Произведя сравнение, мы можем увидеть, что афинский уход в VIII—VI вв. до н. э. и итальянский уход в XIII—XV вв. христианской эры весьма схожи друг с другом. В обоих случаях в политическом плане уход был полным и непрерывным. В обоих случаях отделившее себя меньшинство посвятило свои силы задаче найти какое-то решение проблемы, поставленной перед всем обществом. И в обоих случаях творческое меньшинство возвратилось в нужный момент, когда его творение было завершено, в то общество, которое временно покинуло, и оставило свой отпечаток на всей социальной системе. Кроме того, актуальные проблемы, которые Афины и Италия решали во время своего ухода, были в основном проблемами одного порядка. Подобно Аттике в Элладе, Ломбардия и Тоскана в западно-христианском мире служили изолированными социальными лабораториями, в которых был успешно проведен эксперимент по превращению локального самодостаточного земледельческого общества в независимое международное торгово-промышленное общество. В итальянском случае, как и в афинском, имела место радикальная трансформация традиционных институтов с целью приведения их в соответствие с новым образом жизни. Коммерциализованные и индустриализованные Афины в политическом плане перешли от аристократического государственного устройства, основанного на знатном происхождении, к буржуазному, основанному на собственности. Коммерциализованные и индустриализованные Милан, Болонья, Флоренция или Сиена перешли от преобладавшего в западно-христианском мире феодализма к новой системе непосредственных отношений между отдельными гражданами и независимыми местными правительствами, чья независимость принадлежала самим же гражданам. Эти конкретные политико-экономические нововведения, так же как и неосязаемые и неуловимые творения итальянского гения, передавались Италией Трансальпийской Европе, начиная с конца XV столетия.

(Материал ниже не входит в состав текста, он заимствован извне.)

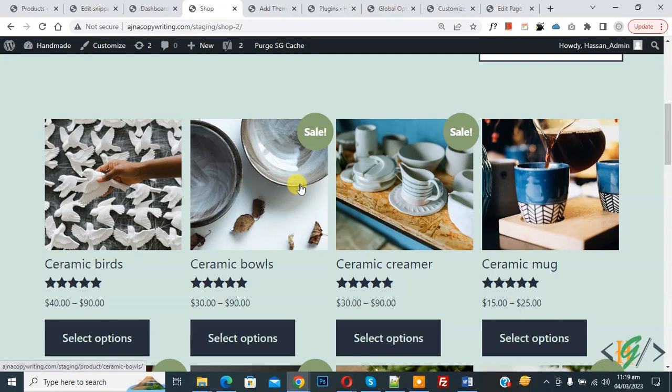We will add custom code using WP Code plugin. Now on screen you see product name. Go to dashboard, on left side you see Plugins, so click on Add New.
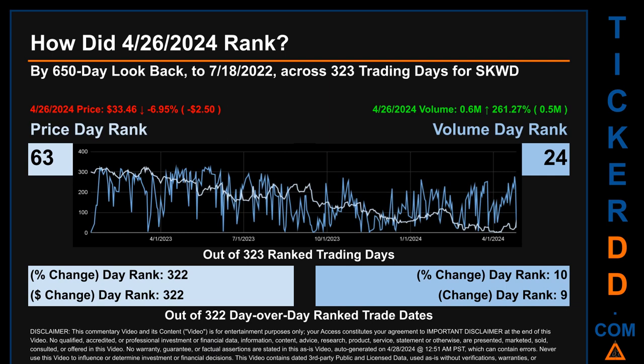Hello, my name is Magnus. How did April 26, 2024 rank for SKWD by 650 calendar day look-back to July 18, 2022? Across 323 trading days, April 26, 2024 price ranked 63 while its volume ranked 24. Each of the 323 trading days were ranked amongst themselves by highest end of day price and volume, with a rank of 1 being the highest and 323 being the lowest. The day's price percentage change of minus 6.95 percent had a day rank of 322, while its dollar difference of minus $2.50 had a rank of 322. Volume's percentage change and dollar difference were ranked respectively at 10 and 9.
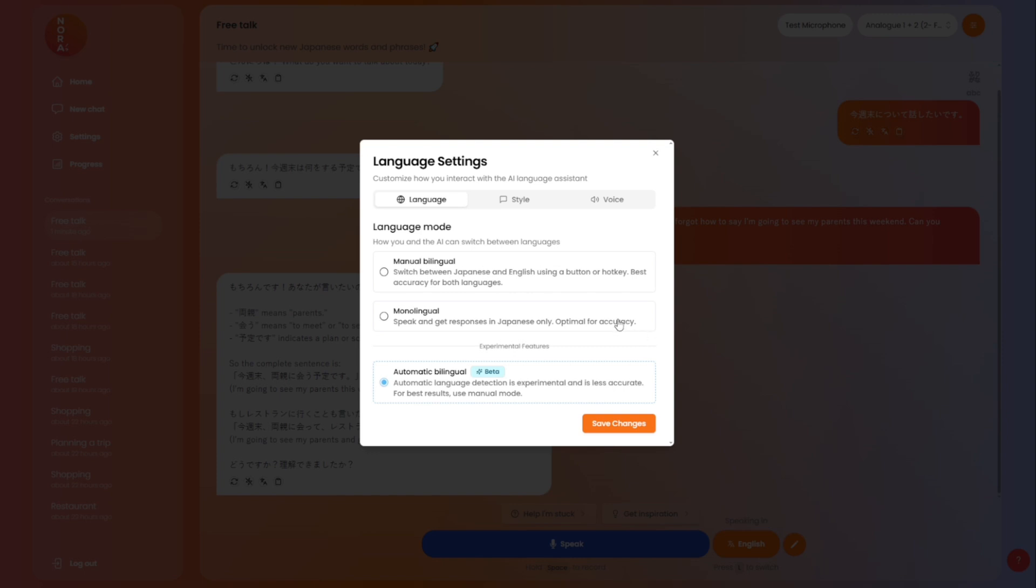Then we also have monolingual, which is recommended for more advanced speakers or intermediate learners, where Nora will exclusively talk to you in Japanese and you will exclusively talk to Nora in Japanese as well. This is my favorite mode, and for anyone that is feeling that they don't really need that much English, I would really recommend giving that a go. And of course you can switch whenever.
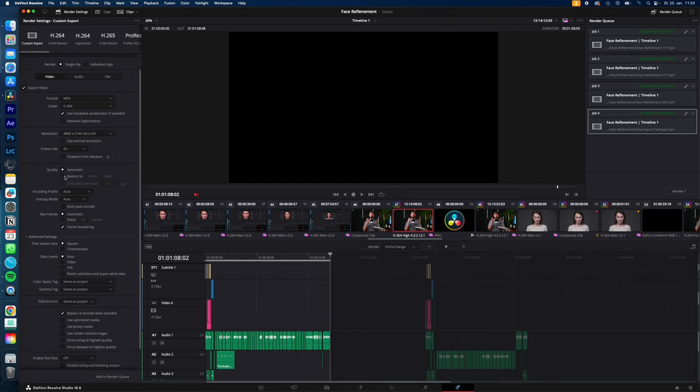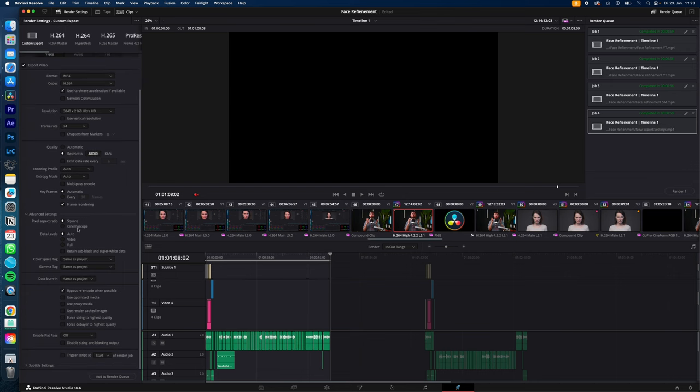Under quality, change to restrict 2 and then double the frame rate. All the other settings you can leave by default.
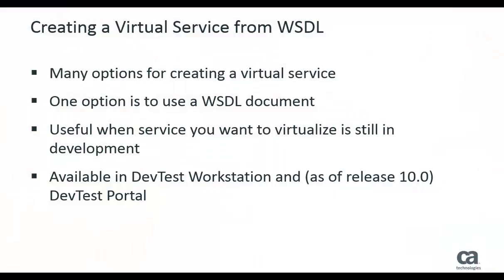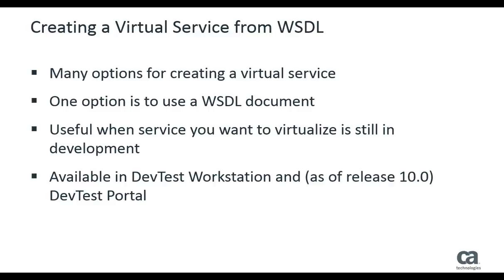You have many options for creating a virtual service. One option is to use a WSDL document. This option is useful when the service you want to virtualize is still in development. The WSDL functionality is now available in both DevTest Workstation and DevTest Portal.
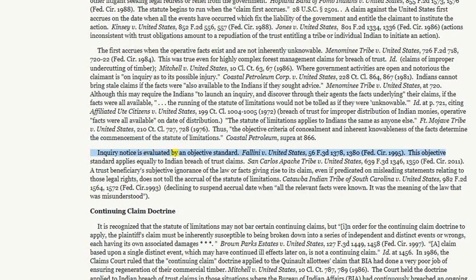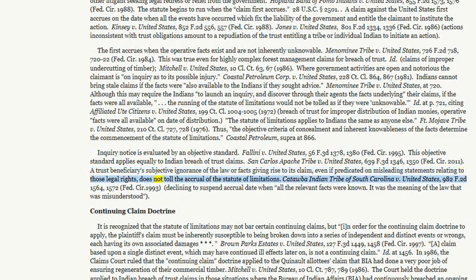Inquiry notice is evaluated by an objective standard. Foligny v. United States, 56 F.3d 1378, 1380 (Fed. Cir. 1995). This objective standard applies equally to Indian breach of trust claims. San Carlos Apache Tribe v. United States, 639 F.3d 1346, 1350 (Fed. Cir. 2011). A trust beneficiary's subjective ignorance of the law or facts giving rise to its claim, even if predicated on misleading statements relating to those legal rights, does not toll the accrual of the statute of limitations. Katawba Indian Tribe of South Carolina v. United States, 982 F.2d 1564, 1572 (Fed. Cir. 1993) — declining to suspend an accrual date when all the relevant facts were known; it was the meaning of the law that was misunderstood.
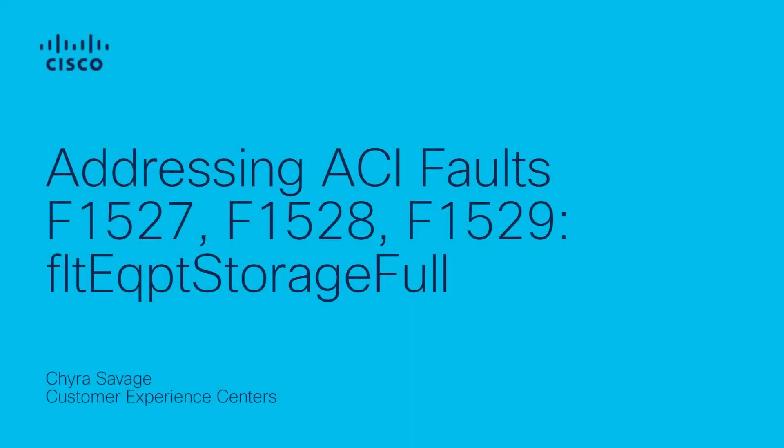Hi, I'm Shira Savage with Cisco TAC ACI Team, and today I want to demonstrate how you can understand and address APIC System Fault's Equipment Storage Fault F1527, F1528, and F1529.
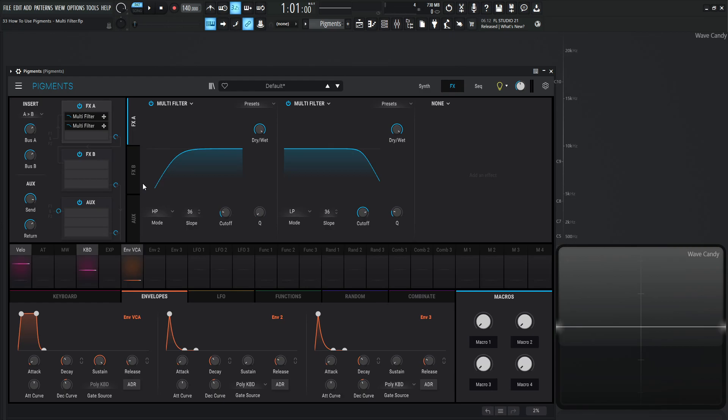But yeah, that's this module in a nutshell. It's very useful and I wouldn't really look over this module because it's pretty cool, even though it is a little more scaled back than filters 1 and 2. So yeah, that's the multi-filter in a nutshell. We shall see you in the next video.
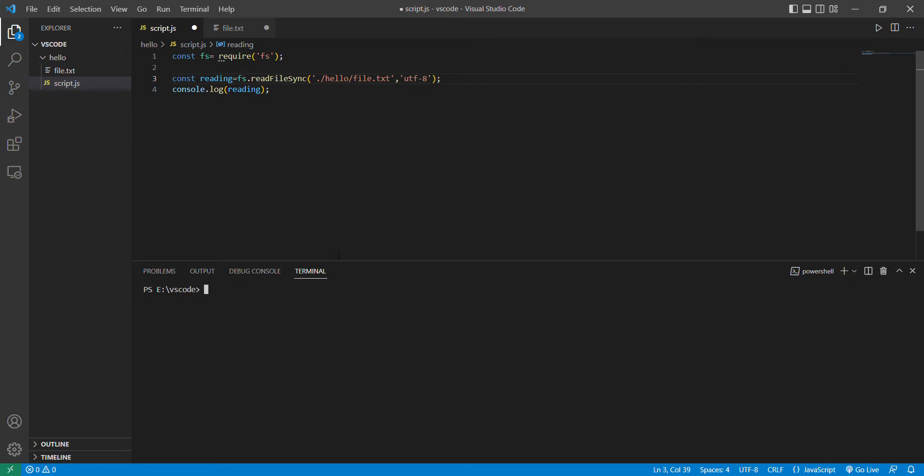Hello guys, today we're going to solve a problem that we face with Node.js while reading files. Basically, when you run this file using Node.js...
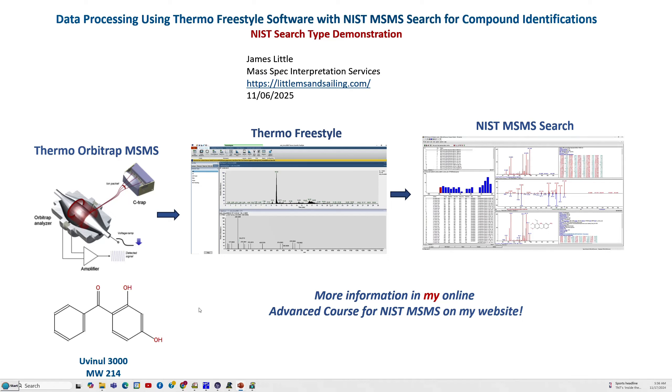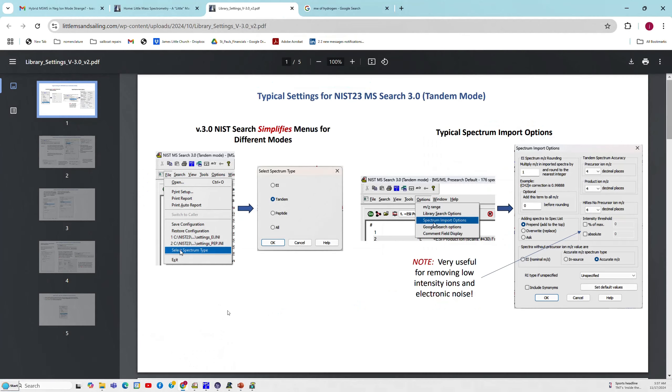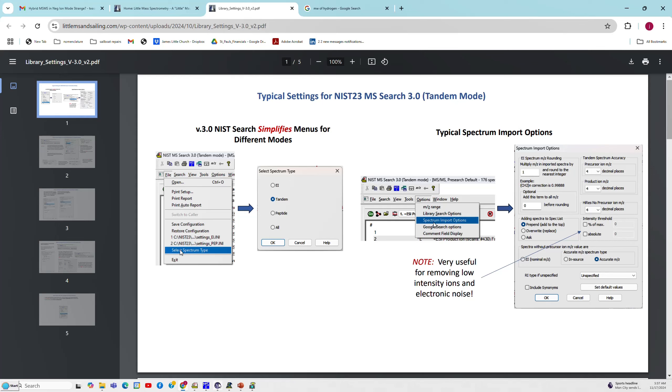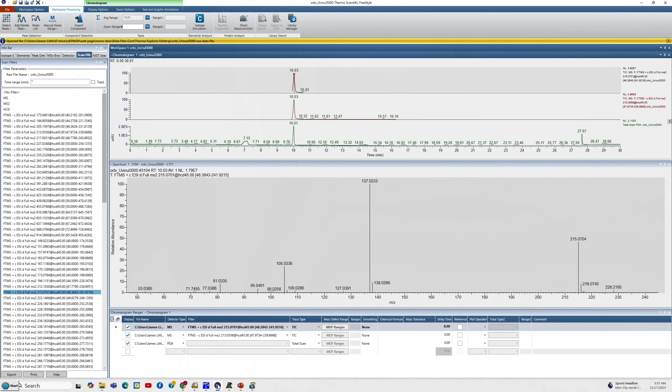Today I'll be using the Uvenol 3000 which has a molecular weight 214 to demonstrate the software. And also you'll find some useful information on my website and in the handout for this that shows the typical settings that one employs for the NIST 23 MS Search 3.0 tandem mode part of the software and it also talks about the different searches and there are also some details on how to set up the standard parameters for it.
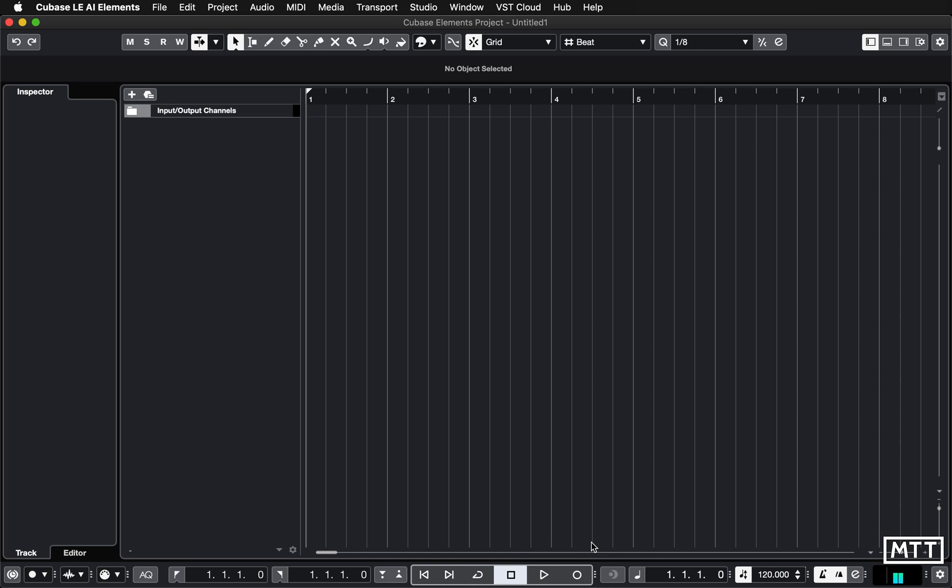Sometimes you go back to the Cubase project and fix things as well, because you may tend to notice things as you're doing this listening in Wavelab.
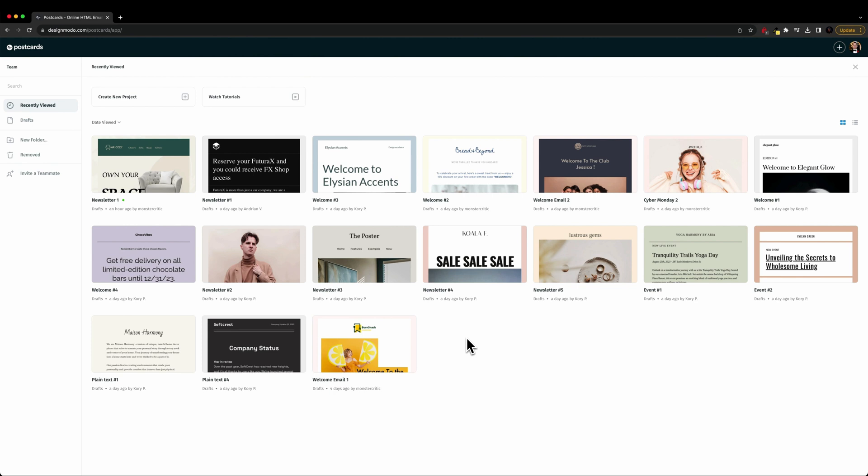Hello and welcome to the postcards app. During this quick tutorial video, I'm going to show you how easy it is to export your email template into the platform of your choice.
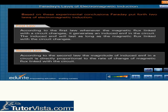Second law. According to the second law, the magnitude of the induced EMF in a circuit is directly proportional to the rate of change of magnetic flux linked with the circuit.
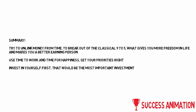Here are the tips in summary. Try to unlink money from time to break out of the classical 9 to 5, which gives you more freedom in life and makes you a better earning person. Use time for work and time for happiness. Set your priorities right. Invest in yourself - that would be the most important investment in your life.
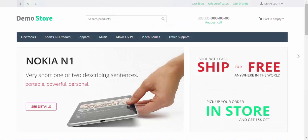Hello and welcome to CS-Cart tutorial videos. My name is Sergei and today I'm going to tell you about email settings of CS-Cart.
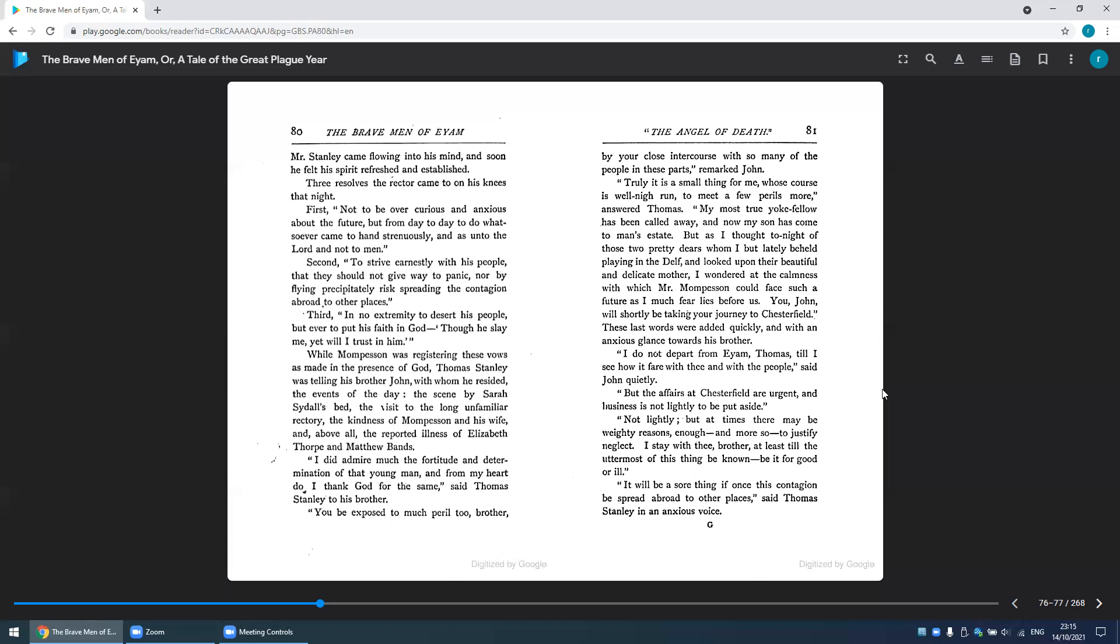'But as I thought tonight of these two pretty dears whom I but lately beheld playing in Delph, and looked upon their beautiful and delicate mother, I wondered at the calmness with which Mr. Mompesson could face such a future as I might fear lies before us.' 'You, John, will shortly be taking your journey to Chesterfield,' his last words were added quickly and with an anxious glance towards his brother.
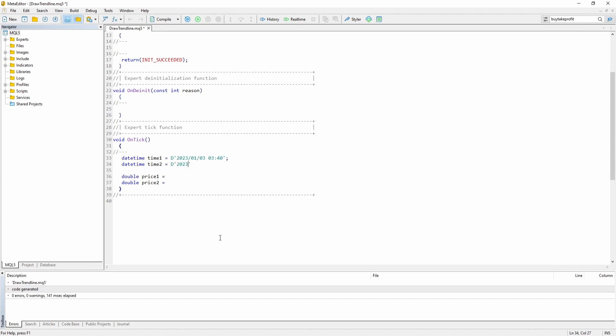So let's add the second date 1050 and also add the seconds at the end.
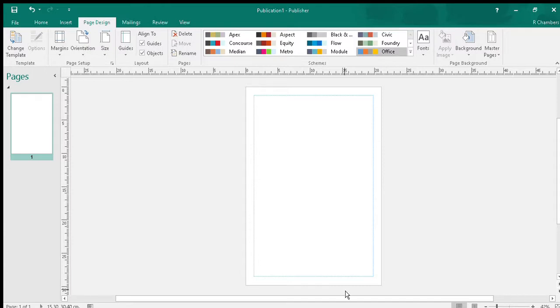Quite often when you're wanting to make a poster, something that you might want to do is change the background. If you wanted to change the background, there are a number of ways you can do it.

Однако на этой стадии пути развития западной и эллинской истории расходятся в разные стороны вследствие одного существенного различия в положении итальянских городов-государств в западно-христианском мире и Афин в Элладе. Афины были городом-государством, возвратившимся в мир городов-государств. Но та модель города-государства, по которой в Средние века подобным же образом стал организовываться итальянский «мир-внутри-мира», не была изначальной основой общественного разделения в западно-христианском мире. Первоначальным основанием этого разделения был феодализм, и большая часть[государств] западно-христианского мира все еще организовывалась на феодальной основе вплоть до конца XV столетия, когда итальянские города-государства были вновь присоединены к основному ядру западного общества.

Эта ситуация представляет собой проблему, которая теоретически может быть решена двумя путями. Чтобы усвоить социальные нововведения, которые выдвигала Италия, Трансальпийская Европа должна была или порвать со своим феодальным прошлым и разделиться вновь, уже на основе деления на города-государства, или же модифицировать итальянские нововведения таким образом, чтобы они были способны работать на феодальной основе и в соответствующем масштабе королевских государств. Несмотря на то что система городов-государств достигла значительного успеха в Швейцарии, Швабии, Франконии, Нидерландах и на Северо-Германской низменности, где важными стратегическими пунктами, контролировавшими речные и морские пути, являлись города Ганзейского союза, в целом за Альпами было принято второе решение проблемы. Это приводит нас к другой главе западной истории и к другому, равно замечательному и плодотворному, уходу-и-возврату.

* * *

Англия в третьей главе роста западного общества

Проблема, вставшая перед западным обществом в это время, заключалась в том, как перейти от сельскохозяйственного аристократического к промышленному демократическому образу жизни, не принимая систему городов-государств. Этот вызов был принят в Швейцарии, Голландии и Англии, однако в конце концов получил английский ответ. Во всех этих трех странах географическая среда предоставляла до некоторой степени благоприятные условия для их ухода от общеевропейской жизни. Швейцария [была отделена от остальной Европы] горами, Голландия — дамбами, а Англия — Ламаншем. Швейцарцы успешно преодолели кризис позднесредневекового городского космоса, установив федеративную форму правления и сохранив свою независимость от посягательств сначала со стороны Габсбургов, а затем — со стороны Бургундии[477]. Голландцы утвердили свою независимость от Испании и объединились на федеративных началах в составе семи Соединенных провинций[478]. Окончательное поражение в Столетней войне исцелило англичан от стремления подчинить себе зависимые страны на континенте[479], и, подобно голландцам, в правление Елизаветы I они уже отражали агрессию католической Испании[480]. С этого времени и вплоть до войны 1914-1918 гг. уклонение от участия в континентальных делах было принято без дальнейшего обсуждения в качестве одной из основных и постоянных целей британской внешней политики.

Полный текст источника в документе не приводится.